▶ **Exercise brief**: Copy out all the lines of the data precisely, omitting any pictures.

[Caption-style text data]
=== Section Start ===
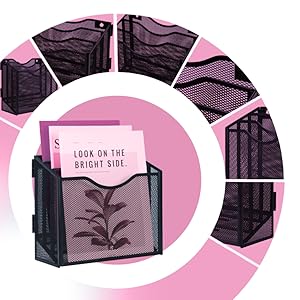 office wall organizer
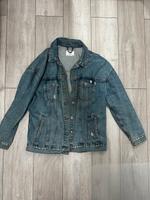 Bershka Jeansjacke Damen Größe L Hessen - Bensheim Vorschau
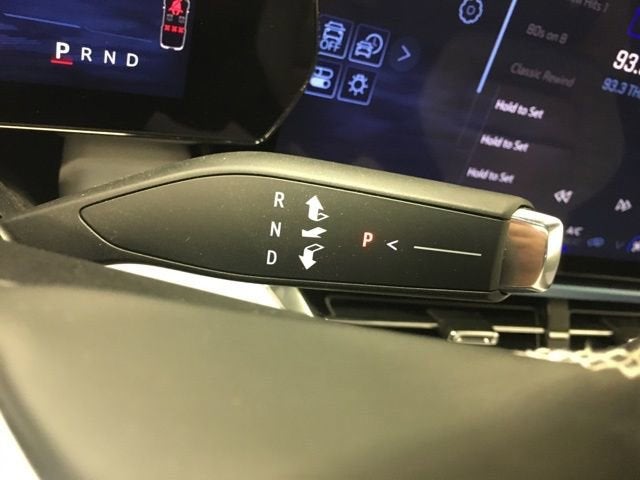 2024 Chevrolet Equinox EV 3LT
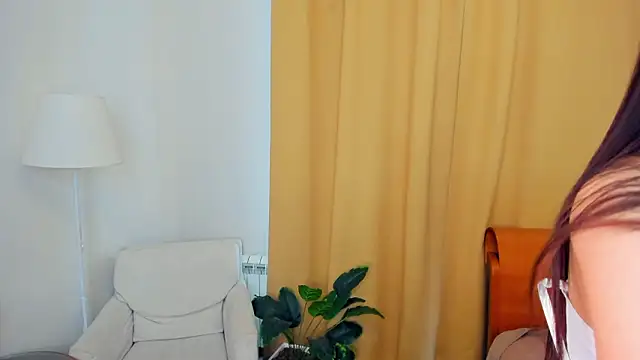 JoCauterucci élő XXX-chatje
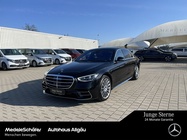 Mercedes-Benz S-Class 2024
=== Section End ===
▶ **Answer section**:
 office wall organizer
 Bershka Jeansjacke Damen Größe L Hessen - Bensheim Vorschau
 2024 Chevrolet Equinox EV 3LT
 JoCauterucci élő XXX-chatje
 Mercedes-Benz S-Class 2024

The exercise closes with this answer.